“Camminava per le vie di Roma, con un foulard che le copriva la testa, col cesto di cibo per i gatti randagi. Apostrofata da un maleducato, si voltò, levandosi il foulard e folgorando il passante, che rimase impietrito: era Anna Magnani“. L’episodio, rievocato da Franco Zeffirelli,  testimonia il grande amore e l’impegno della celebre attrice romana per gli animali e per i gatti in particolare.

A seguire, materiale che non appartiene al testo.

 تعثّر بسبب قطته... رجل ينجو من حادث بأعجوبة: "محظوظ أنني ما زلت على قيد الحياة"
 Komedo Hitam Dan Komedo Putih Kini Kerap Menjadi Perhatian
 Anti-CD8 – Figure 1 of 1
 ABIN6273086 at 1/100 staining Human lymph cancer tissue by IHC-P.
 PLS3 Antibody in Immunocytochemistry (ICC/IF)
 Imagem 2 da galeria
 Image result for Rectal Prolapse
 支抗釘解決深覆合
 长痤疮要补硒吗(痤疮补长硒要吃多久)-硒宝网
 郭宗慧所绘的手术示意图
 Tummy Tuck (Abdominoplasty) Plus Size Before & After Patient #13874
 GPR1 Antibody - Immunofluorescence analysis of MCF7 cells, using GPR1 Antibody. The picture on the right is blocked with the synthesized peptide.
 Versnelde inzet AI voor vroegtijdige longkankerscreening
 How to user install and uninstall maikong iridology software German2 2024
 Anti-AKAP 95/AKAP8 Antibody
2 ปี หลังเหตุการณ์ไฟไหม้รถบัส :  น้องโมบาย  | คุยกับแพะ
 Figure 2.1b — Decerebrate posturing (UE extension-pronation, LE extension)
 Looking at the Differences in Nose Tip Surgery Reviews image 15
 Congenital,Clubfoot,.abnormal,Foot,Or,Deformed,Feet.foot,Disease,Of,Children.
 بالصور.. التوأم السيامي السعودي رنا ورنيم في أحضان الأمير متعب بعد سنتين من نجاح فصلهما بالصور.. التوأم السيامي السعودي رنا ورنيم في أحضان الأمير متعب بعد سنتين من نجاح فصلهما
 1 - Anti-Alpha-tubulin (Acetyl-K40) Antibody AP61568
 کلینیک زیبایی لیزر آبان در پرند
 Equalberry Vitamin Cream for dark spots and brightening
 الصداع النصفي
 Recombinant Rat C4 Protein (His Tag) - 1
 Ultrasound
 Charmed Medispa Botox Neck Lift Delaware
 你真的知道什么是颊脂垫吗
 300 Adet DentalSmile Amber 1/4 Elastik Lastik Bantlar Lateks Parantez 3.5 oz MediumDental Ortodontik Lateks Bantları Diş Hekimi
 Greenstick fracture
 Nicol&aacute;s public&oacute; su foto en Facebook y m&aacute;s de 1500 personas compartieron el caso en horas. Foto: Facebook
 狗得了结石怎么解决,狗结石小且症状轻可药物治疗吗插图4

Nannarella diceva:  “Io e la gente ci capiamo pochino, alle feste preferisco la solitudine, per riempirmi la serata bastano due gatti che giocano sul tappeto”.  E di gatti ne aveva tanti: in casa e in strada.

La Musa del neorealismo cinematografico abitava non lontano da largo di Torre Argentina, dove ora sorge una delle più celebri colonie feline protette della capitale. E proprio a Torre Argentina, quando era libera dagli impegni di lavoro, si recava per sfamare i randagini che vivevano tra i ruderi di questa area sacra dell’antica Roma.

Anche lei, come tutte le gattare, si muoveva silenziosa, preferibilmente  nel buio della sera  sfamando e coccolando i gatti senzanessuno. Un amore di certo ricambiato dai piccoli assistiti con devozione, fusa e strusciatine. Si narra che  il suo preferito fosse un piccolo gatto tigrato rosso.

Un giorno rispose così a chi la intervistava: “Chi ammiro io? Vuole dei nomi? No, è meglio che le dica che cosa ammiro. Io rispetto il talento, il vero talento che è tutto il contrario dei bluff; la fedeltà, la vera fedeltà che è tutto il contrario dell’amicizia superficiale e passeggera; e la sincerità, persino la crudele sincerità che è tutto il contrario dell’ipocrisia. Ecco che cosa ammiro io”. In poche parole: la  fedeltà e  la sincerità  di cui sono capaci forse solo gli animali.